[Stored records]

|---|

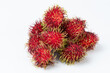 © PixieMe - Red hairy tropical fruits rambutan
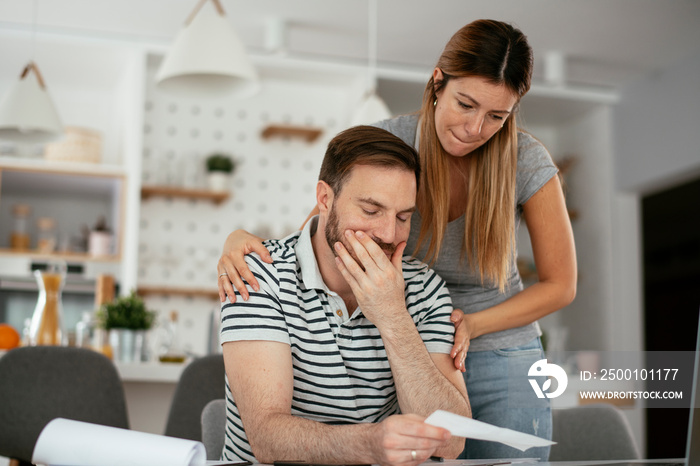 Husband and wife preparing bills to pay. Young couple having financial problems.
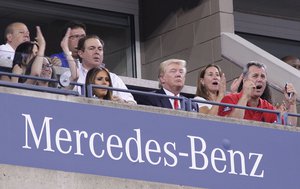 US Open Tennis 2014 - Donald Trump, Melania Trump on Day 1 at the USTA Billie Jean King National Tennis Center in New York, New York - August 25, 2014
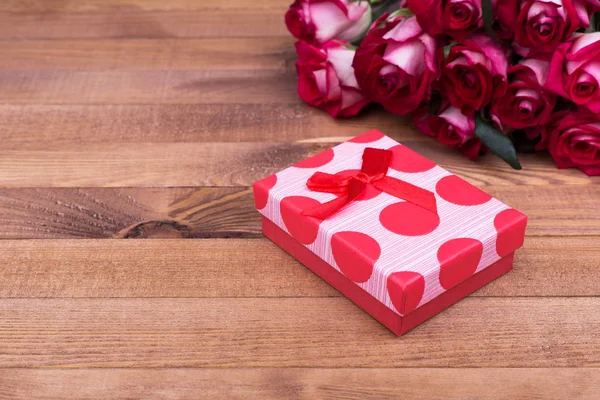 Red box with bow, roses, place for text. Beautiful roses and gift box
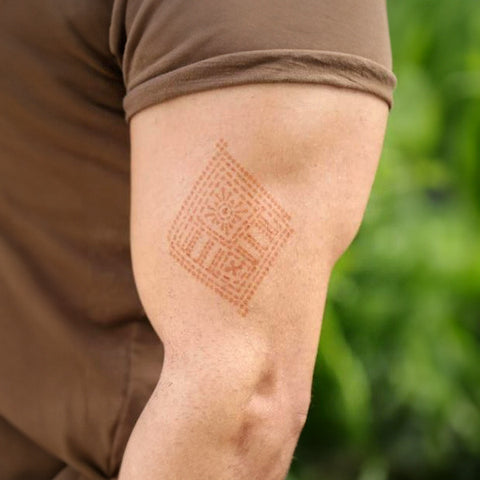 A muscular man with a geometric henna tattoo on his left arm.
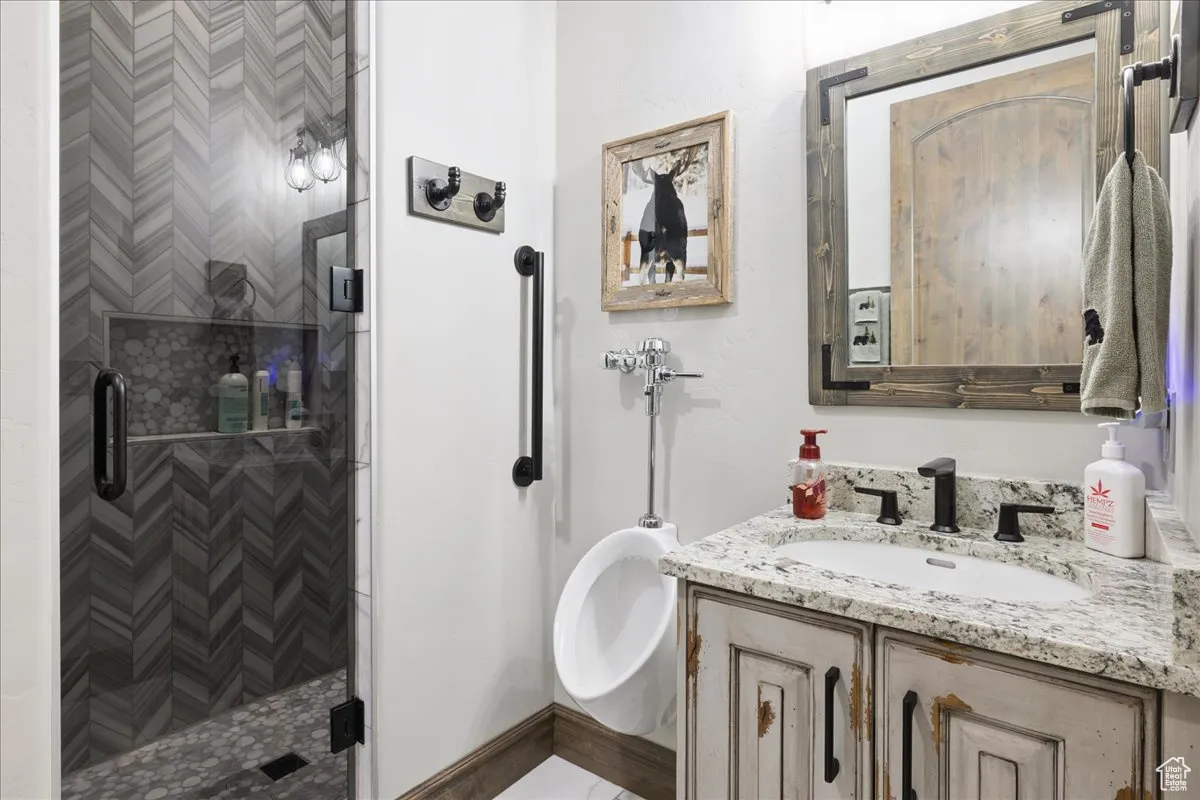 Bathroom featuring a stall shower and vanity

|---|

**Work order:** All of the entries above are to be transcribed word for word, with no pictures included.

**Finished exercise:**
 © PixieMe - Red hairy tropical fruits rambutan
 Husband and wife preparing bills to pay. Young couple having financial problems.
 US Open Tennis 2014 - Donald Trump, Melania Trump on Day 1 at the USTA Billie Jean King National Tennis Center in New York, New York - August 25, 2014
 Red box with bow, roses, place for text. Beautiful roses and gift box
 A muscular man with a geometric henna tattoo on his left arm.
 Bathroom featuring a stall shower and vanity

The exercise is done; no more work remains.